▶ [PROBLEM DESCRIPTION]:
Please say how many lines in the records below contain the word "Heart", giving the number alone.

▶ [EXERCISE MATERIALS]:
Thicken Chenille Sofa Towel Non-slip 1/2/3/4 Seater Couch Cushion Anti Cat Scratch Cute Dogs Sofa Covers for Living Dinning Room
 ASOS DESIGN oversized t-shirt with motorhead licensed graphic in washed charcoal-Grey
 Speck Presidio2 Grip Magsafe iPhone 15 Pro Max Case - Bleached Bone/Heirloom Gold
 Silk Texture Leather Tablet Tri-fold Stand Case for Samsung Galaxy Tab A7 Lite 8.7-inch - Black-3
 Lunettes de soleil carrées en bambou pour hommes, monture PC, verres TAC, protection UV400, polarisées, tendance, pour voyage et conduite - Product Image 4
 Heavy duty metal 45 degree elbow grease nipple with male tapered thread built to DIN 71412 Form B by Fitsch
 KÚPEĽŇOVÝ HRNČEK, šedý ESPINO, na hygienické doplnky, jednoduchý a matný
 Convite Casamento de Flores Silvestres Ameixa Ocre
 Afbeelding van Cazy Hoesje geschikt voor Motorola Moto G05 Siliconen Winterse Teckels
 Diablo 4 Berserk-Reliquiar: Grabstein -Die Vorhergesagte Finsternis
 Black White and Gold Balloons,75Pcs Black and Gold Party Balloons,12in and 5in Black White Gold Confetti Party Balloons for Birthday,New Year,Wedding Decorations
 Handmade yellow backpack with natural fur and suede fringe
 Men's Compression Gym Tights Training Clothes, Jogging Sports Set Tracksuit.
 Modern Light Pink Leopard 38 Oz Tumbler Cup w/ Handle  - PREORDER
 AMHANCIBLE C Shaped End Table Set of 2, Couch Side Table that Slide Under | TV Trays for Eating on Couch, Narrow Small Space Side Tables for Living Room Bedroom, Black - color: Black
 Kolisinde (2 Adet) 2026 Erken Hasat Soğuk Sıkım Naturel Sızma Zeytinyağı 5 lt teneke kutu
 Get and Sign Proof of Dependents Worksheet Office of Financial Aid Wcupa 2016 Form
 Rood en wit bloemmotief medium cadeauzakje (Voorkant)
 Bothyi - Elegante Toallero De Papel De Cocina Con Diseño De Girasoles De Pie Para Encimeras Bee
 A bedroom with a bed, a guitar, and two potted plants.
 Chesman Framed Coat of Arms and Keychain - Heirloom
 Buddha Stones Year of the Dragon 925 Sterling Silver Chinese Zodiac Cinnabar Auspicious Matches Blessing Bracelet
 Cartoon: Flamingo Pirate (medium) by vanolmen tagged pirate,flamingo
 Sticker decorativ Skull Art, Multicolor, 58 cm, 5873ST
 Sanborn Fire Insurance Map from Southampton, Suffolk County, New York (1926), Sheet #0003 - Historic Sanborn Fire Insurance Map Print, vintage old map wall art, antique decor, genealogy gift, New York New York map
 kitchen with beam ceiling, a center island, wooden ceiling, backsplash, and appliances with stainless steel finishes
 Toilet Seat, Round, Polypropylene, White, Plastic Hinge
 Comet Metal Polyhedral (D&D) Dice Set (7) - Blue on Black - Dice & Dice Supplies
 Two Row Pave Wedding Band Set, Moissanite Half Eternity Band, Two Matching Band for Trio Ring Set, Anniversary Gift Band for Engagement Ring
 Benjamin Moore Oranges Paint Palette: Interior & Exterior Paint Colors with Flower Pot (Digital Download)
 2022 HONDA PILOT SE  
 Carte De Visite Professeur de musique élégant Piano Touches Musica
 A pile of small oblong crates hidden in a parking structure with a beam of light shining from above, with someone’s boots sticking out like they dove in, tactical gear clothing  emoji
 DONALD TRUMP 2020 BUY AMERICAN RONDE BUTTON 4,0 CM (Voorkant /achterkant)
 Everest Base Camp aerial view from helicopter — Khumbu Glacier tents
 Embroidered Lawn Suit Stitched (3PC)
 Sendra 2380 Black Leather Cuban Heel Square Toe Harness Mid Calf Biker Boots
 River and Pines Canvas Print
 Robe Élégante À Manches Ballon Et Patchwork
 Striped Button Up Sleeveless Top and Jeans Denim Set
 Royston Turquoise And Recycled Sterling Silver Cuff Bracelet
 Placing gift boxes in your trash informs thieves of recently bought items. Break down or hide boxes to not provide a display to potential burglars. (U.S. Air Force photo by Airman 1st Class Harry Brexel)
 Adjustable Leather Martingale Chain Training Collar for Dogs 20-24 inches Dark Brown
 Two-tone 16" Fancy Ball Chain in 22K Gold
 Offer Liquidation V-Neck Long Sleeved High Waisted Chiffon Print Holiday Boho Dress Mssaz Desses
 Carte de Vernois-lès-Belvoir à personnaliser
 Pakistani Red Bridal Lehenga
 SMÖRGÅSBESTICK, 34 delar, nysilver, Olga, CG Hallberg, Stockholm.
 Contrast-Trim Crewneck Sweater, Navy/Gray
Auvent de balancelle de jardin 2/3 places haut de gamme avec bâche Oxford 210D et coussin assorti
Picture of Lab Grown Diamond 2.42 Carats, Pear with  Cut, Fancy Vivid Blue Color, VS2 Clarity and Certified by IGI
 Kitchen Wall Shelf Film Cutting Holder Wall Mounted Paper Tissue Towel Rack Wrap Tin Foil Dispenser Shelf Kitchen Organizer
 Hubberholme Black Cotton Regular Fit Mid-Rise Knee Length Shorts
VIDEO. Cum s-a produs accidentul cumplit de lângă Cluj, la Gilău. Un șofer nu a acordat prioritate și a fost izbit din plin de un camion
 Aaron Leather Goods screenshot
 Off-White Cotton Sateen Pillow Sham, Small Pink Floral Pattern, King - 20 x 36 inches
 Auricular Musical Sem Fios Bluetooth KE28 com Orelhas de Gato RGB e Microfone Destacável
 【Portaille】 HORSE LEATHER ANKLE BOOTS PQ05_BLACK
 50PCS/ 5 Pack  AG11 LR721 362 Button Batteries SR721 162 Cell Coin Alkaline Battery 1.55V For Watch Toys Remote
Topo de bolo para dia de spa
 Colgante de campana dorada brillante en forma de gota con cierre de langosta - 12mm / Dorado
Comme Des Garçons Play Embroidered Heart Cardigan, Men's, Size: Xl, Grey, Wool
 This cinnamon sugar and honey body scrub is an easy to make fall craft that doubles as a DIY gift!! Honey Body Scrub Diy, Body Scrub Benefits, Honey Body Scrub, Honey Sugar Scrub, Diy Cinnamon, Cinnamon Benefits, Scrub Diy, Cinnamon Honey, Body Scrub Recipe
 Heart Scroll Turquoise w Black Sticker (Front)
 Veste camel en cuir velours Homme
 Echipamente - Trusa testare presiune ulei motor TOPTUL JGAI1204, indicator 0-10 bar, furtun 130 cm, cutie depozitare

▶ [TASK ANSWER]:
2